Thursday, 3 August 2017

Valerian and the City of a Thousand Planets - Movie Review

Valérian and Laureline has been a big influence on the science-fiction genre even if not many people are too aware of it. A French comic series published from 1967 all the way up to 2010, the adventures of space agent Valerian and his spunky sidekick Laureline has been stated as an influence on many big sci-fi films from Star Wars to The Fifth Element. The latter of course was directed by a certain Luc Besson who has been a lifelong fan of the comic book series (using the design of Laureline as an influence for Milla Jovovich’s character Leeloo, hence why in this film Laureline doesn't have her red hair). It took a while to create as a result of Besson waiting for the technology to get to the point that a Valerian film could be feasibly good and at long last it’s come out – to absolute critical and box office apathy, with the film bombing in the United States. Clearly the film’s influences overtook the film and nobody was interested in a film that looked derivative of previous sci-fi hits and bared somewhat of a resemblance in style to the infamous Jupiter Ascending…

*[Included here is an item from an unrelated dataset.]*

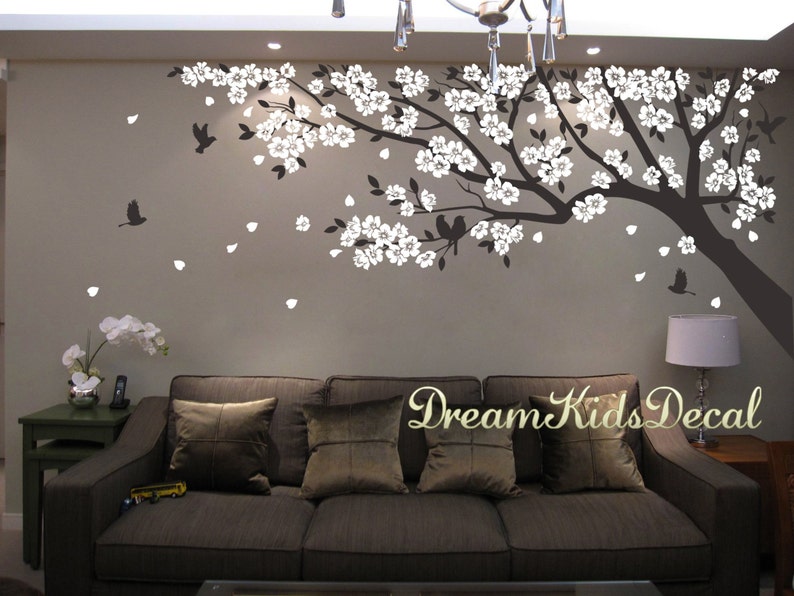 Nursery Wall Decals Tree Decals Baby Nursery Kids Flower Etsy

Valerian and the City of a Thousand Planets follows the titular space agent (Dane DeHaan), a cocky but brilliant major who alongside his partner Laureline (Cara Delevigne) serves on the police force for Alpha 5, a grand space station that’s inhabited by creatures of many different species with many different skills. When a species kidnaps their Commander (Clive Owen) and puts the fate of Alpha 5 at risk Valerian and Laureline must set off in order to save their world whilst also discovering new things about these strange creatures along the way.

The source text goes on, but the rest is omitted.